* **Records provided**:
|---|
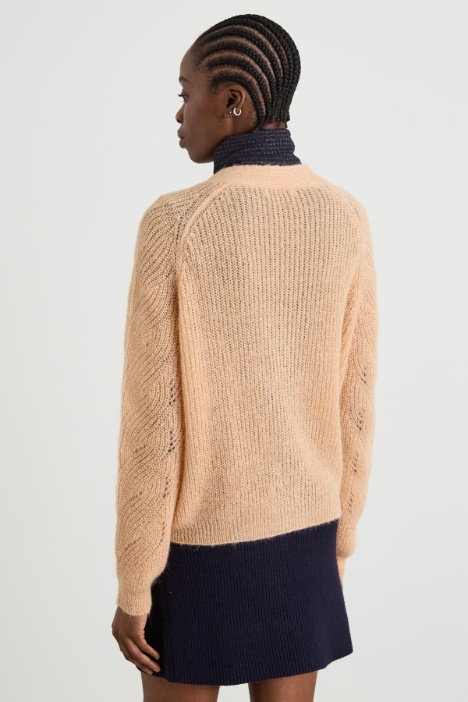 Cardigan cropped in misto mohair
|---|
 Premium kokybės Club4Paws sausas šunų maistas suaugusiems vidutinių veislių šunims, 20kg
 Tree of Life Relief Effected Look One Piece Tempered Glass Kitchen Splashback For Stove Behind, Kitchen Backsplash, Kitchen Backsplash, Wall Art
|---|
* **What the task requires**: Every line above from the line with "Premium kokybės Club4Paws" to the line with "Tree of Life", both included, must be reproduced exactly, and no other line may appear.

* **Written solution**:
 Premium kokybės Club4Paws sausas šunų maistas suaugusiems vidutinių veislių šunims, 20kg
 Tree of Life Relief Effected Look One Piece Tempered Glass Kitchen Splashback For Stove Behind, Kitchen Backsplash, Kitchen Backsplash, Wall Art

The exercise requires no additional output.